# Static Parameter Estimation using Kalman Filtering and Proximal Operators

## Vivak Patel

Department of Statistics, University of Chicago
December 2, 2015

# Acknowledge

## Mihai Anitescu

• Senior Computational Mathematician in LANS
• Part-time Professor at University of Chicago

# Stationary Parameters

Problem.

• Observed Pairs $(Y_t,X_t) \in \mathbb{R} \times \mathbb{R}^n$ where $t=1,2,\ldots$
• Data Generation Process: $$\mathbb{P}(Y_t \vert X_t) = f(Y_t, X_t)$$
• Estimate $f$, which is stationary (changes on long time scales)

# Stationary Parameters

Nonparametric Density Estimation

• Assume some level of smoothness of $f$
• Use orthonormal bases of function spaces, or use moving average
• Rate of Convergence (Curse of Dimensionality): $$ASIME \sim N^{-\frac{2s}{2s+n}}$$
• Replace smoothness assumption with sparsity

# Stationary Parameters

Parametric Density Estimation

• Assume a particular form for $f$ depending on a parameter $\beta$ $$\mathbb{P}\left(Y_t \vert X_t, \beta \right) = f(Y_t,X_t,\beta)$$
• Estimate $\beta$
• Rate of Convergence: $$MSE \sim N^{-1}$$

# Optimization

For statistical inference, the objective function is the log-likelihood: $$F_N(\beta) = \sum_{t=1}^N \log f(Y_t,X_t,\beta)$$ Fisher (1922), Cramér (1946), Le Cam (1970), Hájek (1972)

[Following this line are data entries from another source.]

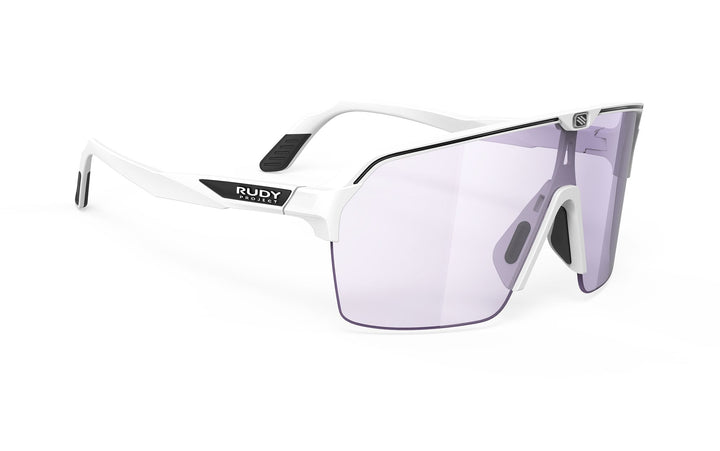 White and black Rudy Project SPINSHIELD AIR sunglasses with purple lenses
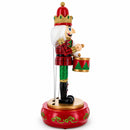 Animated Nutcracker Drummer Musical Figurine - Winter Music Box 13 Inches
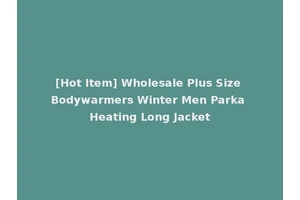 [Hot Item] Wholesale Plus Size Bodywarmers Winter Men Parka Heating Long Jacket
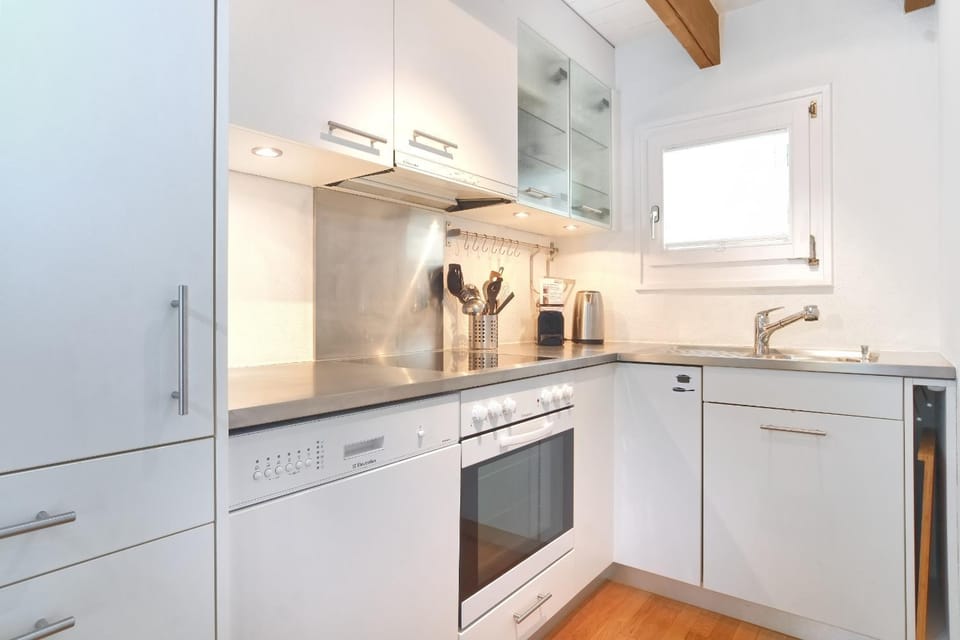 Kitchen or kitchenette, dishwasher, oven, stove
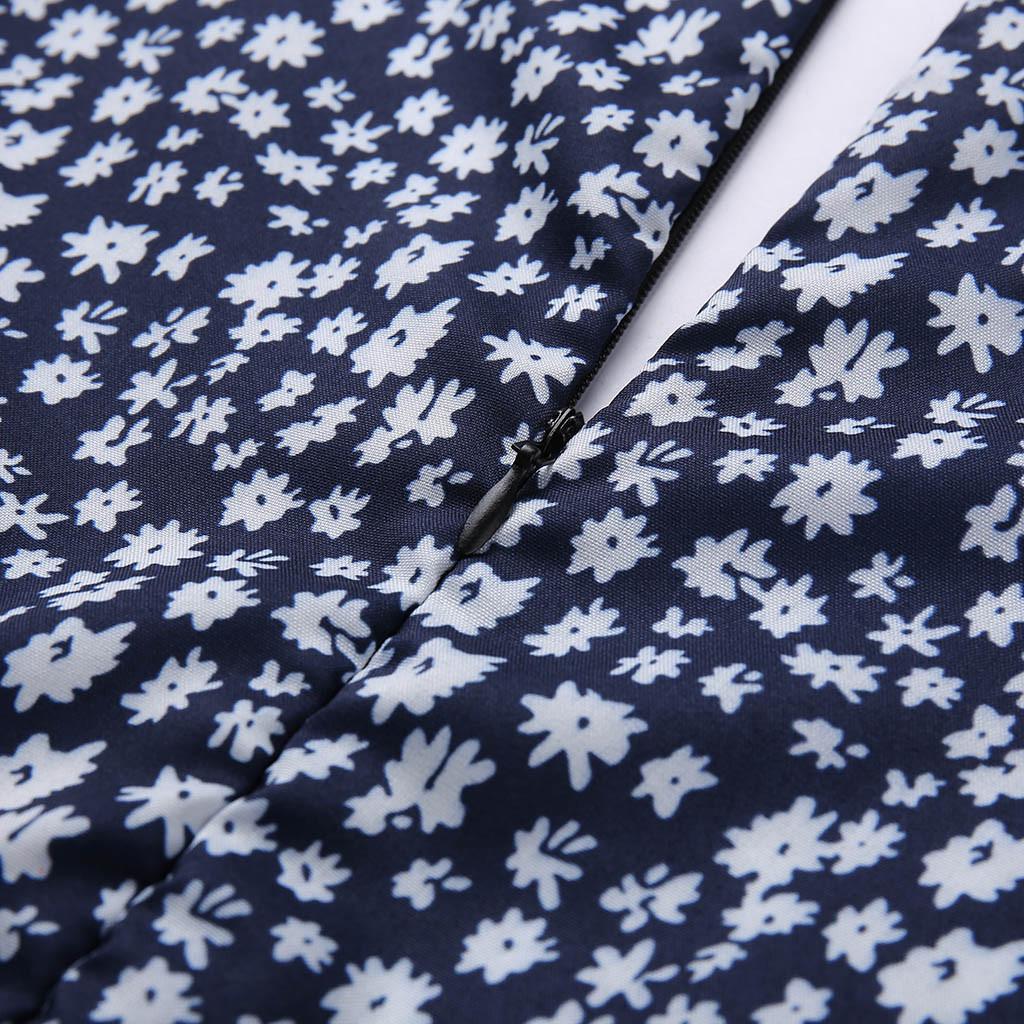 YYFS Women's Fashion Summer Spring Flower Pattern Print Short Sleeve V-Neck High Waist Casual Dresses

Suppose the data is generated by some fixed $\beta^*$. Let $\beta_N = \arg\min F_N(\beta)$, and $$V^* = \mathbb{E}\left[\nabla_{\beta} \log f(Y,X,\beta^*) \nabla^T_{\beta} \log f(Y,X,\beta^*) \right]$$ If some regularity conditions on $f$ hold then $$\sqrt{N}(\beta_N - \beta^*) \Rightarrow \mathcal{N}\left(0, V^* \right)$$

van der Vaart (2000)

# Optimization

Goals of Optimization Method

• Fast Rate of Convergence
• Computational Stability
• Well-defined stop condition
• Low computational requirements (floating point operations, memory)

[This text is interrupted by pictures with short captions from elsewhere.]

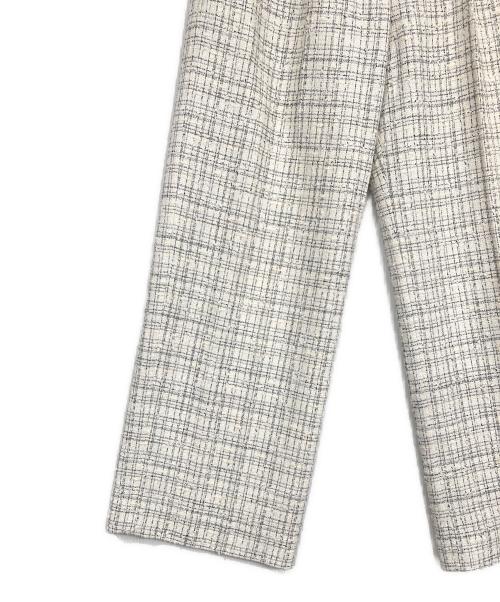theory luxe（セオリーリュクス）theory luxe (セオリーリュクス) CHARLOTTE TWEED FELISE/ツイードタックワイドパンツ ホワイト×グレー サイズ:40の古着・服飾アイテム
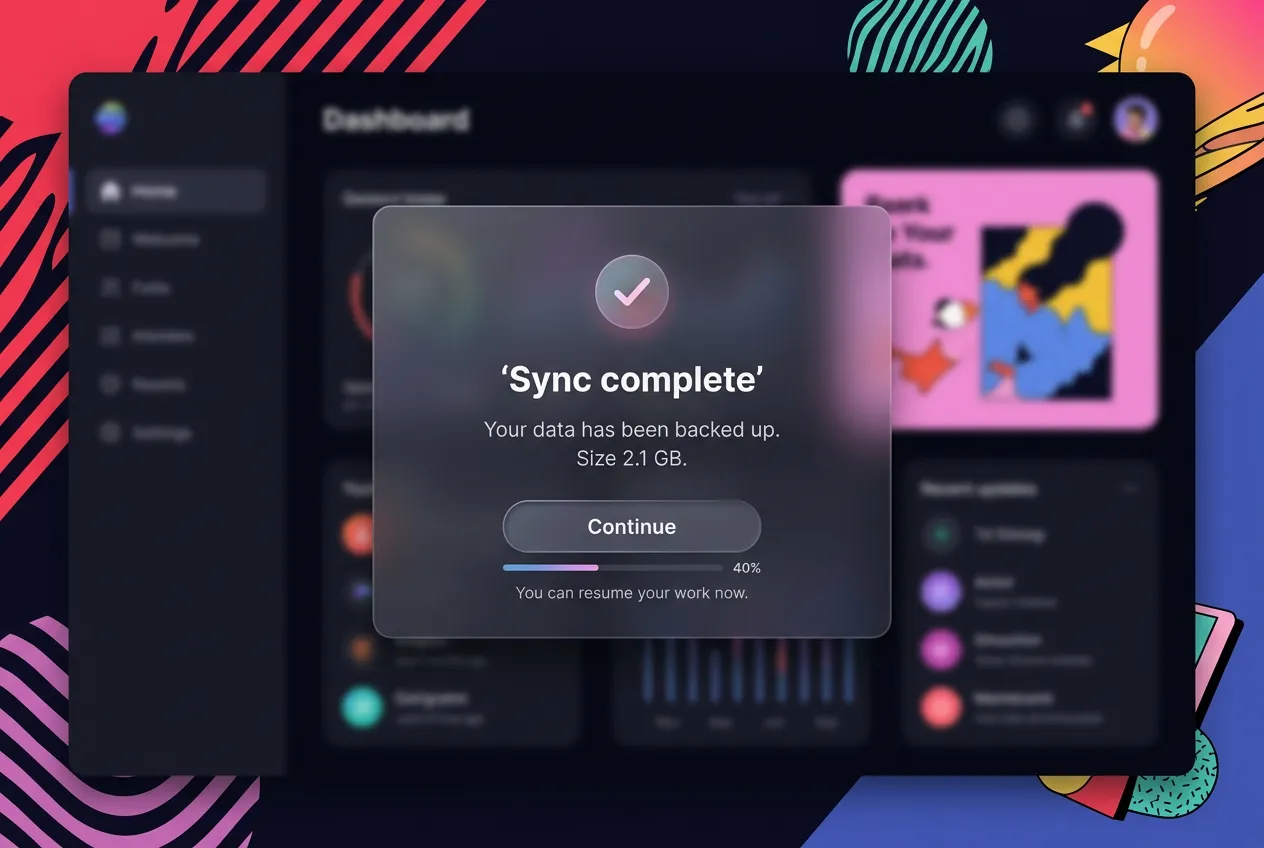 Dialog. Frosted dialog as the clear focal plane
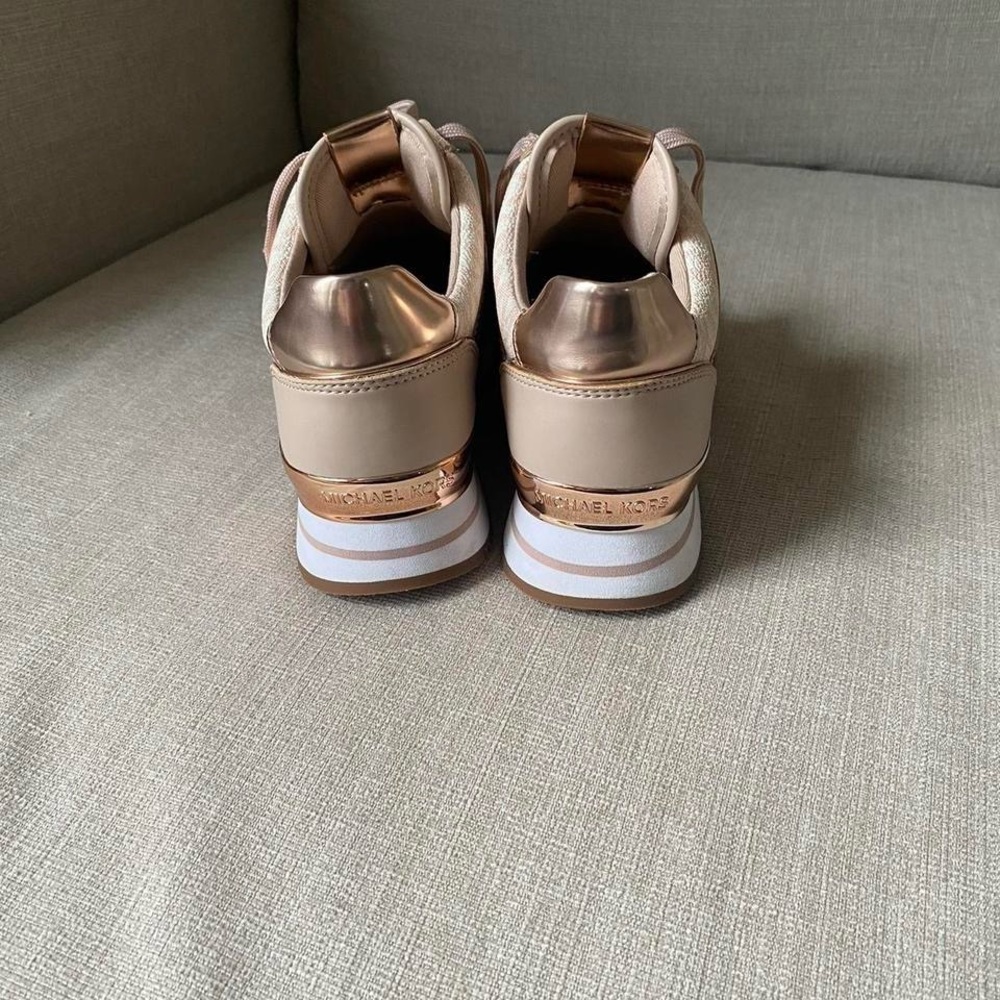 Michael Kors Women’s Blush Rose Gold Wedge Sneakers - Picture 4 of 5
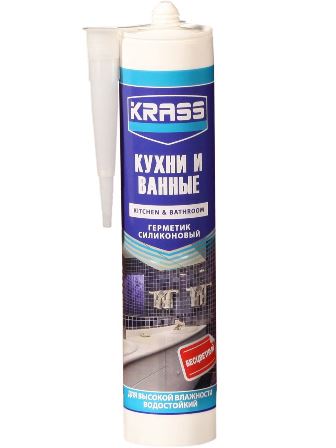 Герметик силиконовый KRASS для кухни и ванны Бесцветный 300мл ЛС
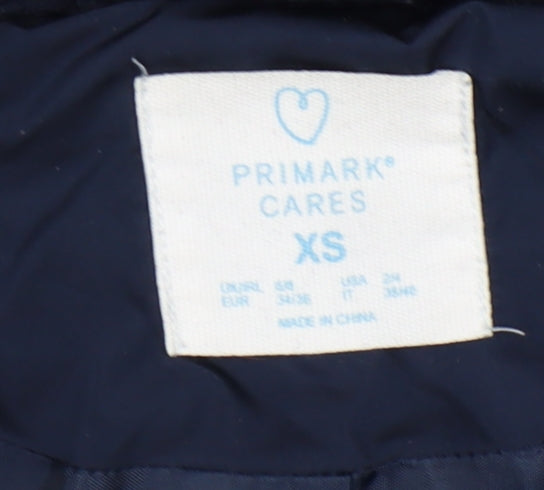 Primark Womens Blue XS Puffer Coat with Faux Fur Hood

Classical Methods for $F_N(\beta)$

Gradient Evals Hessian Evals Floating Point Memory Cost RoC Stop Condition Conditioning
Newton $N$ $N$ $\mathcal{O}(n^2 N)$ $\mathcal{O}(n^2)$ Quadratic Deterministic Mild
Quasi-Newton $N$ $0$ $\mathcal{O}(n^2 + nN)$ $\mathcal{O}(n^2)$ Super-Linear Deterministic Mild
Gradient Descent $N$ $0$ $\mathcal{O}(nN)$ $\mathcal{O}(n)$ Linear Deterministic Moderate

Moral: If $N$ is a large, a single pass through the data set before calculating a new iterate is too expensive.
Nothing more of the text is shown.